■ Try it
Nothing but the lines from the one with "Nameless, a female" through the end of the data should be set down, each exactly as written, and no picture should be included.

■ Information
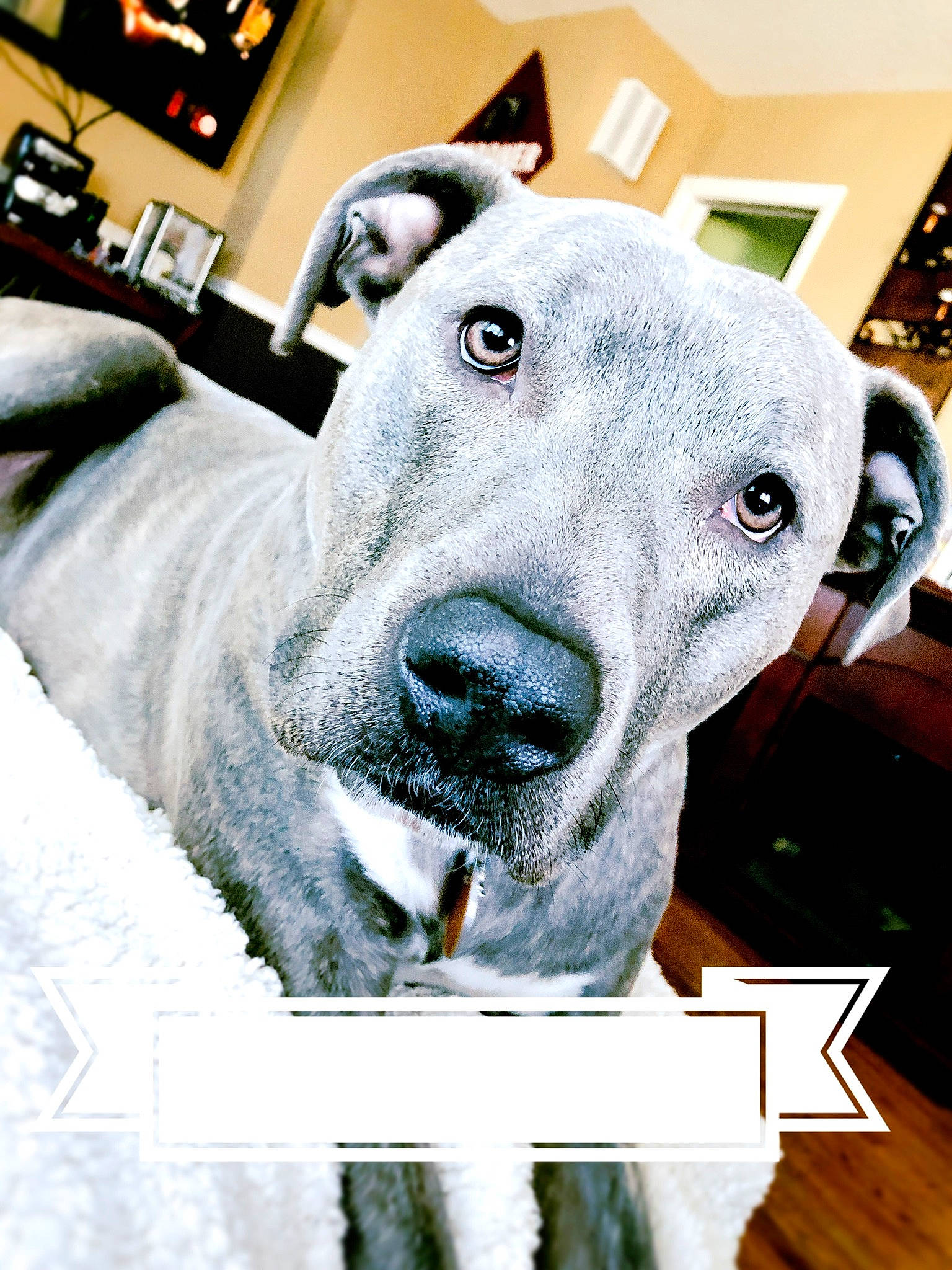 Lucy Lucinda joined the competition — help win amazing prizes! canidae, carnivore, companion_dog, dog, dog_breed, ear, great_dane, happy, hat, jaw, metal, photo_caption, picture_frame, selfie, snout, sporting_group, television, terrestrial_animal, whiskers, working_animal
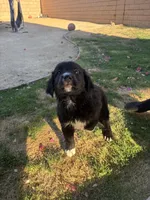 Nameless, a female Border Collie and Golden Retriever for sale in Indio, CA – Photo 5 of 6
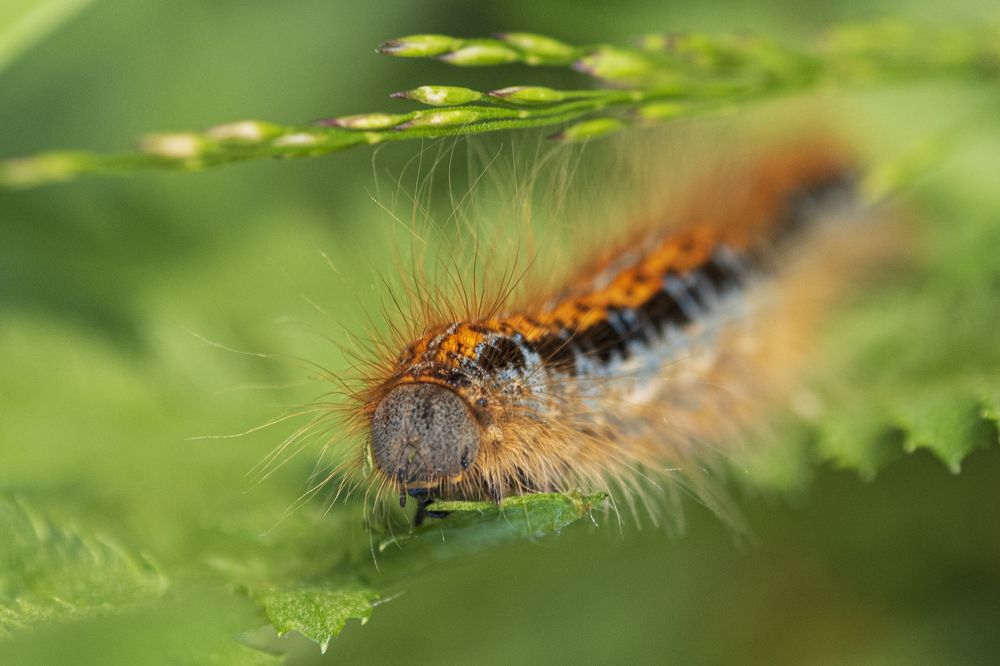 Photograph by Надежда Михайлина
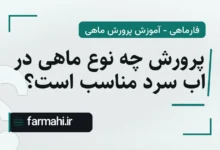 پرورش چه نوع ماهی در اب سرد مناسب است؟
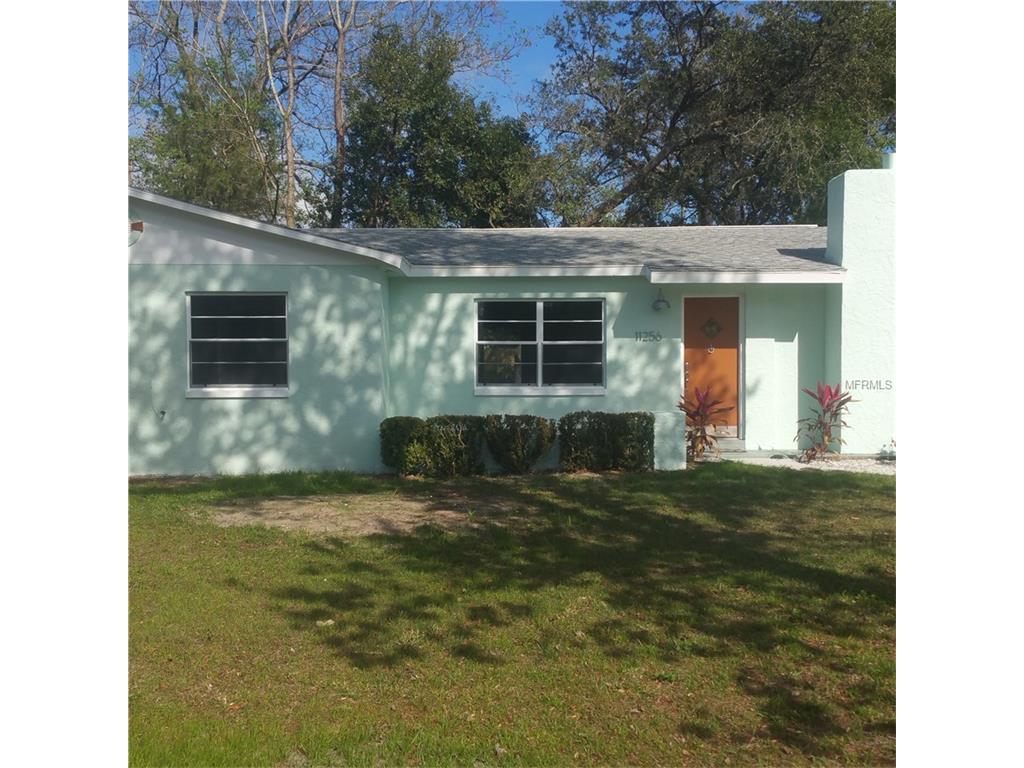 11256 Captain Dr, Spring Hill, FL 34608 photo 1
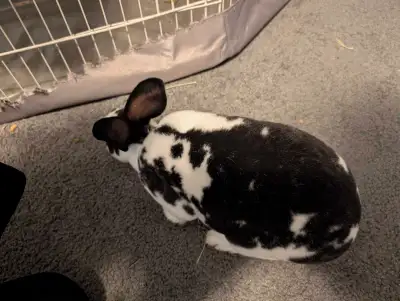 bunny  for sale, View more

■ Solution below
 Nameless, a female Border Collie and Golden Retriever for sale in Indio, CA – Photo 5 of 6
 Photograph by Надежда Михайлина
 پرورش چه نوع ماهی در اب سرد مناسب است؟
 11256 Captain Dr, Spring Hill, FL 34608 photo 1
 bunny  for sale, View more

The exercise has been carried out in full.